Defining and ensuring the microbial quality of agricultural water used to grow, harvest and pack fresh produce is undoubtedly the most complex and contentious issue associated with the Food Safety Modernization Act (FSMA) Produce Safety rule, so much so that the U.S. Food and Drug Administration (FDA) has expressed its openness to simplify agricultural water standards (see “Regulatory Updates”).[1,2]

Agricultural water can serve as a vehicle for pathogens—viral, parasitic and/or bacterial—if the water has been contaminated with feces carrying these pathogens. Feces can be introduced to water systems through runoff (e.g., rain in a pasture that drains into a water system) or direct animal activity (drinking, bird/reptile activity, etc.). Intuitively, you don’t want to apply “dirty” water to fresh produce. But how does one scientifically define “dirty” and demonstrate the health impact of using water of varying quality?

What Is Agricultural Water?
What makes any discussion of agricultural water’s microbial quality complex is that agricultural water can come from multiple sources (e.g., wells or surface water such as ponds, lakes, rivers or reservoirs), and it can be used for multiple purposes (irrigation, application of crop-protection chemicals, frost protection, etc.). Adding to this complexity is the fact that growers typically have only limited options for sourcing agricultural water and often limited or no flexibility regarding alternative agricultural water sources. The FSMA Produce Safety rule doesn’t require testing when water is provided by a public water supply (as long as a certificate of compliance is available), but this option is not available to many farms.[1]

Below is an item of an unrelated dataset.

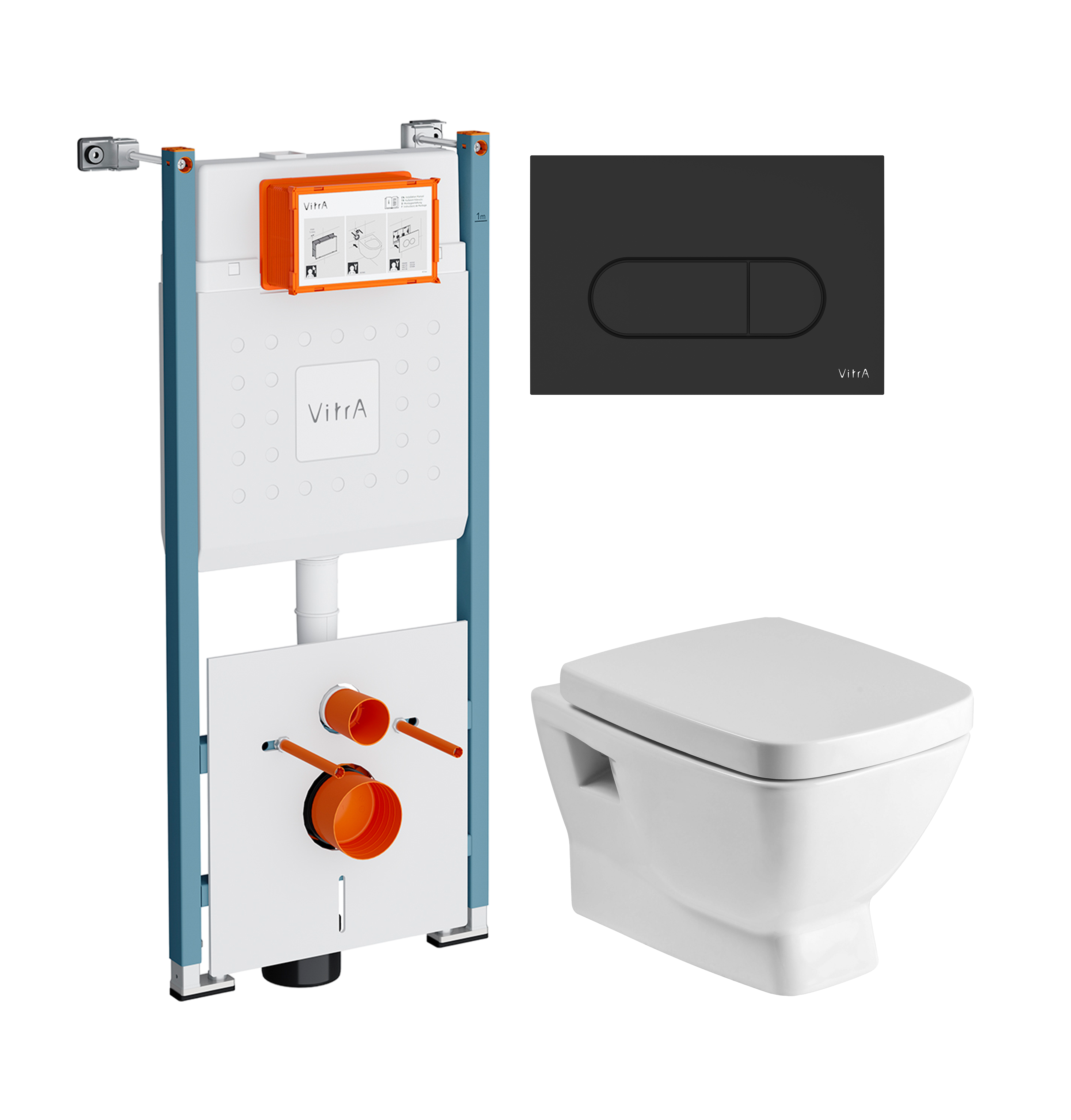 Комплект 3 в 1 Унитаз подвесной Santek Нео 1WH302423 + Инсталляция VitrA V-Fix Core 732-5800-01PV + Кнопка Root Round 740-2211 цвет матовый черный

So how does one define and ensure that the agricultural water being used on a farm is “safe and of adequate microbial quality for its intended use,” as required by the Produce Safety rule, subpart E (section 112.41)?[1] In layperson’s terms, this means it is safe to use in a particular manner for a particular fresh produce item; however, how the water is used and the particular item should be considered. Preventing water from becoming contaminated would be ideal, but oftentimes, this is out of a grower’s control. At the heart of the issue is that growers really don’t have a robust preventive control they can use to ensure agricultural water microbial quality, except for water treatment, which is expensive and impractical for the huge volumes of water that may be used on produce farms. This means that produce farmers must rely on monitoring their agricultural water sources and distribution systems to ensure that the agricultural water they use is safe and adequate for its intended purpose. Monitoring in this case is a very weak and reactive preventive control; on top of that, FDA prescribes very specific testing criteria in the Produce Safety rule.[1]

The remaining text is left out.